4. Discussion
Our study is the first one to look at the reporting trends in race and sex in phase III lung cancer trials over last 35 years. The results of our analysis further substantiate the evidence that continues to highlight the disparities surrounding race in clinical trials.
Examining the trends in reporting of sex, we find more positive change over time. In the studies we reviewed, 98.8% reported participant sex. Analyzing these trends, we noted progressive increase in women representation since 1985. While the trends over time are promising, females are still underrepresented with a mean participation rate of 34.97% from 2015-2019. This is despite females accounting for 48.9% of lung cancer in the United States [13]. Similar patterns have also been seen in other, non-cancer clinical trials as well. For example, cardiovascular and lipid lowering agent clinical trials also showed underrepresentation of females at a participation rate of 33%-38% [14, 15].
We were surprised to find that no phase III lung cancer study, in our database, between 1984-1992 reported on race. In reviewing the literature for evidence, we encountered significant variability in race reporting across different studies.
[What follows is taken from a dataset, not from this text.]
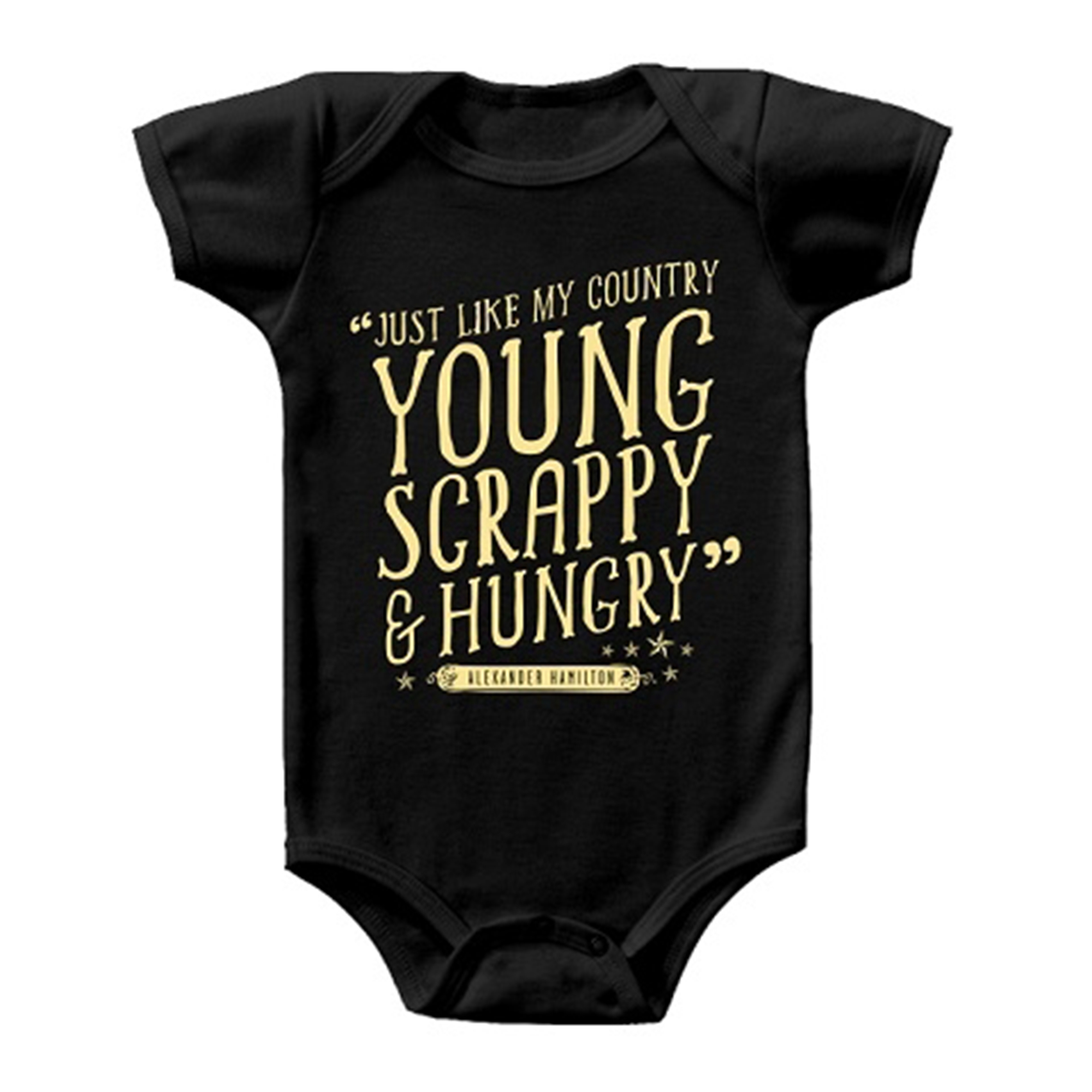 HMI YOUNG & SCRAPPY ONESIE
As an example, Brahan et al. found significant increases in race reporting from 29.6% to 63.5% in pediatric studies conducted in 1991-1993 and 2000-2002 [16]. In a 2011 study, Geller et al. looked at 86 clinical trials across nine high-impact journals and found that one-fifth of the studies failed to report the distribution of participant race [17]. Unlike the findings from these studies, our findings showed that a significantly larger proportion of lung cancer phase III clinical trials did not report the distribution of participant race. There can be several reasons for such degree of variance. Pediatric clinical studies, especially pediatric oncology studies, have more centralized review and sponsoring processes, and are more likely to be funded by the NIH. Logically, such studies are more likely to comply with the NIH policies including the provisions of the NIH Revitalization Act and hence the significant change in the race and sex reporting as noted by Brahan et al. This increase in race reporting, while encouraging, falls short of the ideal as a third of pediatric oncology studies still did not report race as a variable. Another reason for lack of reporting on race may be that majority of the studies are multinational in nature and may include geographical areas with less cultural heterogeneity. This is likely an important limitation of our study. However, the rapid globalization and human migration over the last two decades calls for a more acute evaluation. The results of our study in the context of recent demographic changes highlight the significance of addressing this trend as health inequality and disparities are becoming more of a global issue.
Our findings of minority underrepresentation in lung cancer phase III clinical trials have also been observed in other studies as well. A 2004 study looking at race-based disparities in cancer clinical trials also found White participants to represent 85.6% of all participants and another study found White participants to represent 76.3% of all participants in cancer drug clinical trials [4, 18]. One might question the generalizability of this finding in the context of the demographic make-up of the population and the epidemiology of the disease under study. For lung cancer, this is especially important as the incidence in African Americans, the largest minority population in the United States, is 59.5 per 100,000 compared to 61.6 per 100,000 in Whites [13]. Loree et al in 2019 evaluated the reporting of race and other demographic variables in the landmark clinical trials leading to the approval of antineoplastic therapies and found a similar finding of decline in African American participation between 2008 and 2018 [18].
The principles of justice, beneficence and the medicine’s professional code of conduct require diversity and inclusion as mission critical to its social contract with the society. These higher moral values call out for all efforts to ensure adequate access of all segments of society to the benefits of biomedical research. While it may be debatable that non-reporting is not synonymous with not-being included, it is strong enough evidence to support the conclusion of non-inclusion. Although positive changes have been made in the reporting of sex, there is clearly room for much improvement when it comes to the reporting of race. The responsibility to move the needle forward falls on shoulders of all stakeholders. The clinicians and patient care teams should review and discuss the importance of race and sex reporting with the patients in the broader context of its value to the society and in addressing the disparities. The clinical trials’ sponsors should work with the study teams to ensure recording sex and race amongst other demographic information in case report forms. The medical publishers should mandate the reporting of race and sex as a criterion for acceptance of publication.
Our study does have limitations . Given that this study was a retrospective analysis, it carries the same weaknesses associated with such studies. As noted in the methods section, we could not reliably decipher which studies were solely U.S. based versus from other regions as majority of the manuscripts had author affiliations from various institutions across the globe.